The Pattern of Friendship

It has been a while since I blogged, mostly due to life getting in the way. But last weekend I saw a wonderful exhibition which I have to talk about.  Ravilious & Co: The Pattern of Friendship. English Artist Designers 1922-1942 is currently at Compton Verney in Warwickshire, having already been at the Towner Gallery in Eastbourne and at Millenium Gallery, Sheffield.  It explores the significant relationships and working collaborations between Ravilious and an important group of friends and affiliates.  There were works by Edward Bawden, Paul Nash, John Nash, Enid Marx, Barnett Freedman, Tirzah Garwood, Douglas Percy Bliss, Peggy Angus and Helen Binyon.  The full breadth of their work as arists/designers was on show, book covers, London Underground posters, pottery as well as paintings, fabrics and woodcuts. 
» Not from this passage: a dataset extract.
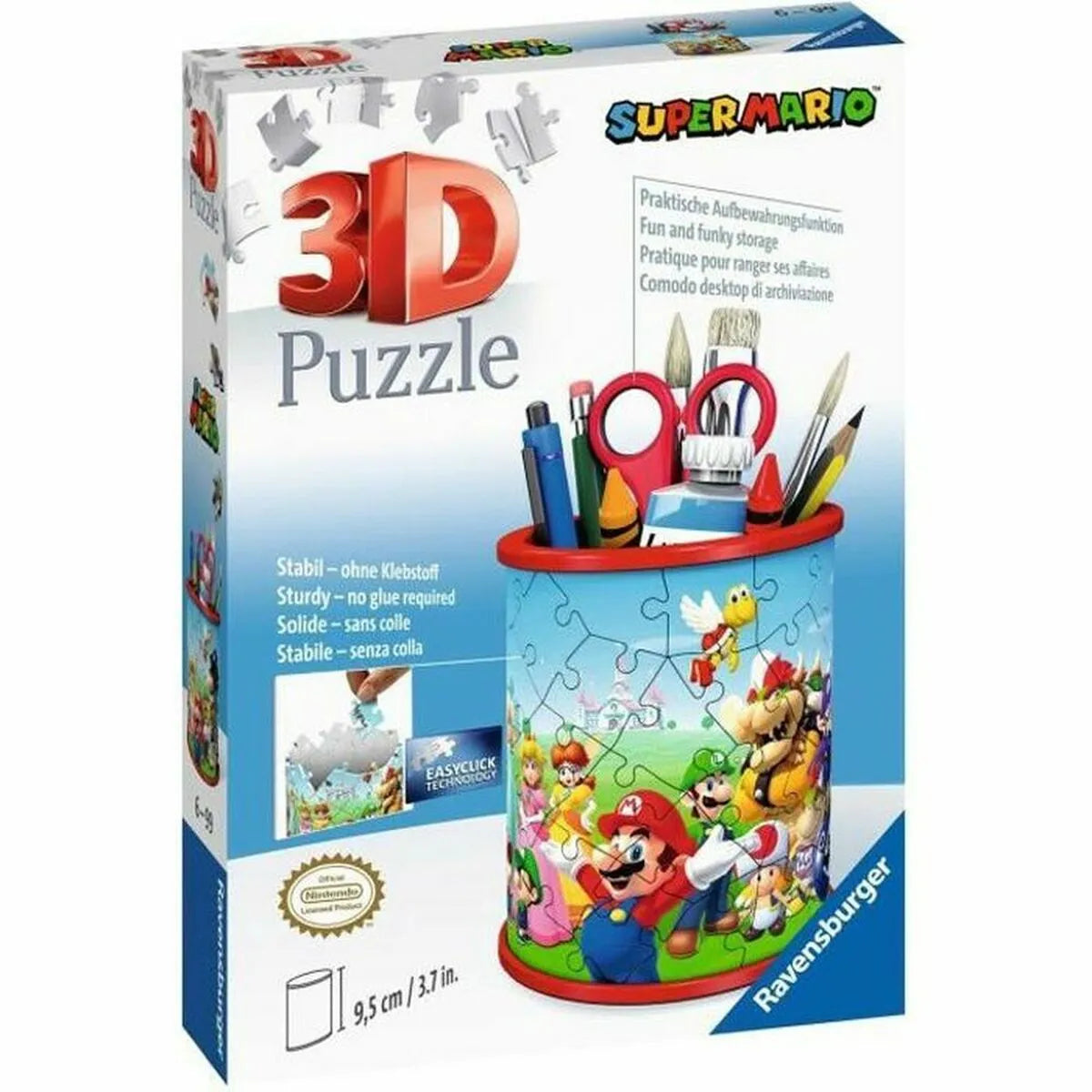 Puzzle Ravensburger Iceland: Kirkjuffellsfoss 3d (54 Kusy) - Hračky a Hry Hlavolamy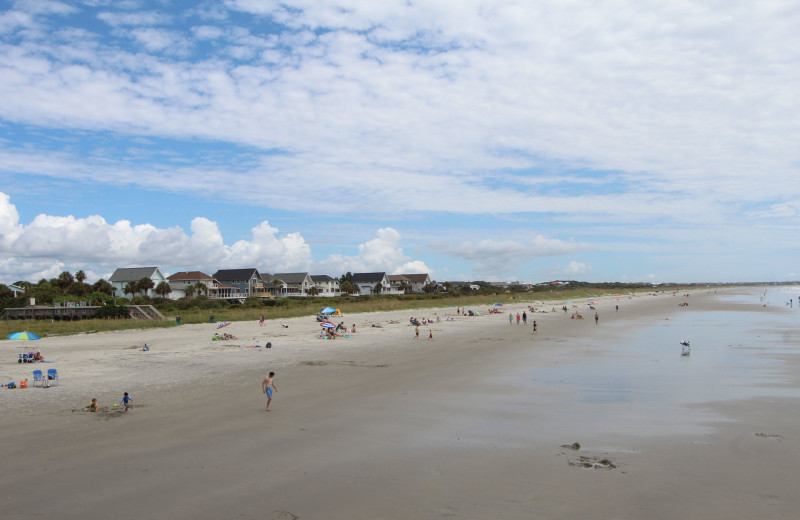 Beach at Sea Cabin 302 A.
I have a great love for 20th century modern art, and have been learning a lot about it in the last few years.  Eric Ravilious is one of those artists who has kept on appearing in various books and exhibitions, a few of his watercolours were part of last year's British Art: Ancient Landscapes exhibition at Salisbury Museum, alongside works by Paul Nash and John Piper.

I had also recently read a fascinating book by Alexandra Harris, Romantic Moderns: English Writers, Artists and the Imagination from Virginia Woolf to John Piper, which covered a huge amount of ground in the art and literature of the 1920s and 30s and discussed the juxtaposition of modernism and the romantic attitude to the landscape. 

The exhibition has inspired me to open up the kinds of works I am doing and on the train home at the weekend, my head was buzzing with ideas.